From credit cards, car loans and mortgages to unexpected health care costs, if you are like many Americans, you may be carrying many types of debt, and you may be behind on your payments.
Facing foreclosure, repossession and harassing creditor calls, you may be considering using money from your retirement savings to help pay the bills. However, depending on your financial circumstances, filing for bankruptcy may be a better option.
In addition to stopping collections actions, filing for either Chapter 7 or Chapter 13 bankruptcy may help you to reduce or eliminate your current debt without sacrificing the money you may need for retirement.
Most retirement accounts are exempt from bankruptcy
Federal and state law protects most types of retirement accounts during bankruptcy, including:
- Tax-exempt plans, like 401(k)s, 403(b)s, and SIMPLE IRAs
- IRAs and Roth IRAs, to a certain maximum
- Pension plans for public employees, including teachers, military members and certain municipal employees
These types of accounts may be safe because they are exempt under bankruptcy law. Other assets you may be able to keep when filing for bankruptcy include personal property like furniture, appliances and jewelry, your vehicle, college savings accounts and equity in your home.

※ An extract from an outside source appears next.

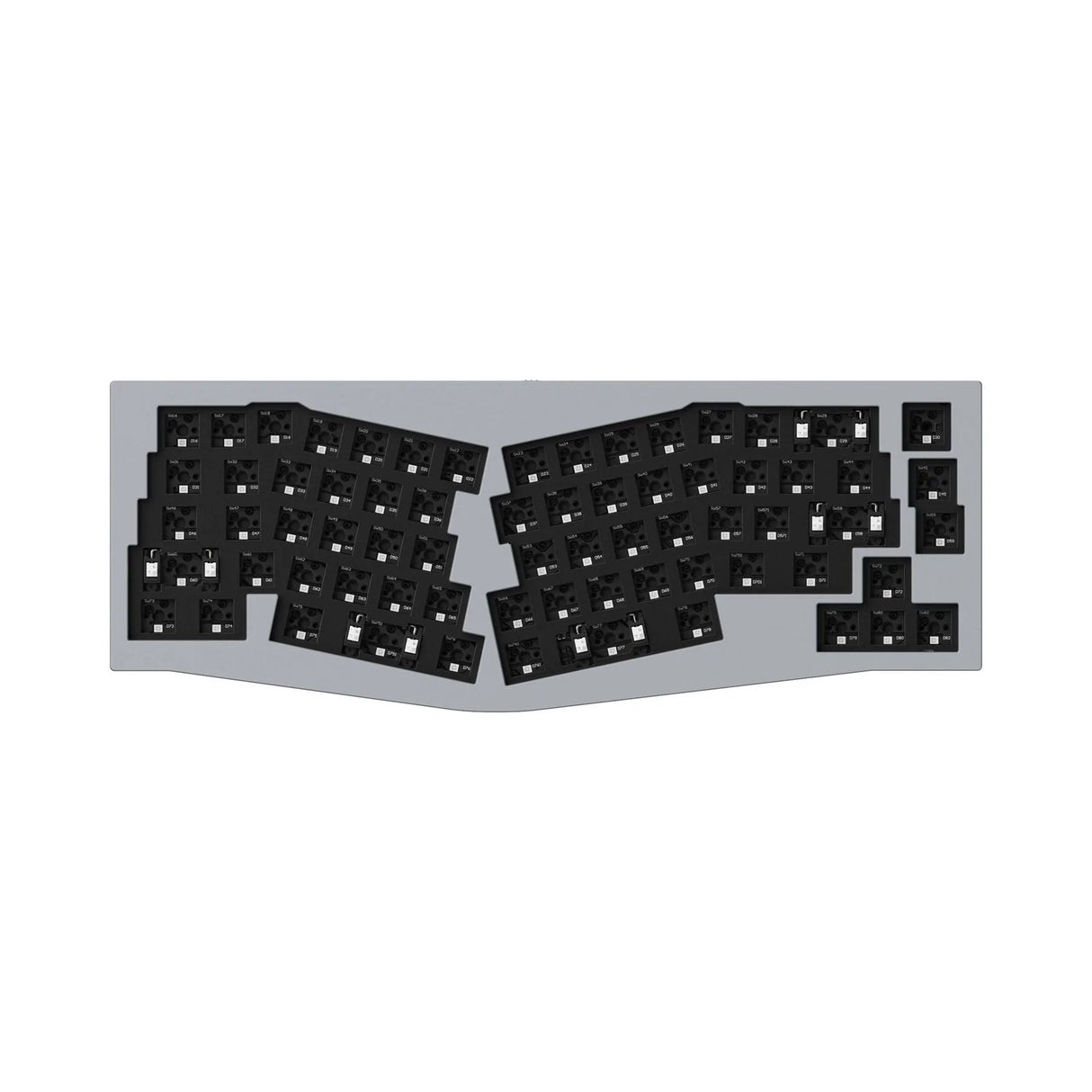Keychron Q8 QMK Alice Keyboard - Divinikey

Bankruptcy may help build a better financial future
If you take money out of a retirement account early, you will likely have to pay a significant tax penalty. Additionally, you may be putting your own future at risk if you do not have enough savings when you do need to stop working. Bankruptcy may offer an alternative that lets you get a fresh financial start without losing funds you have worked hard to earn.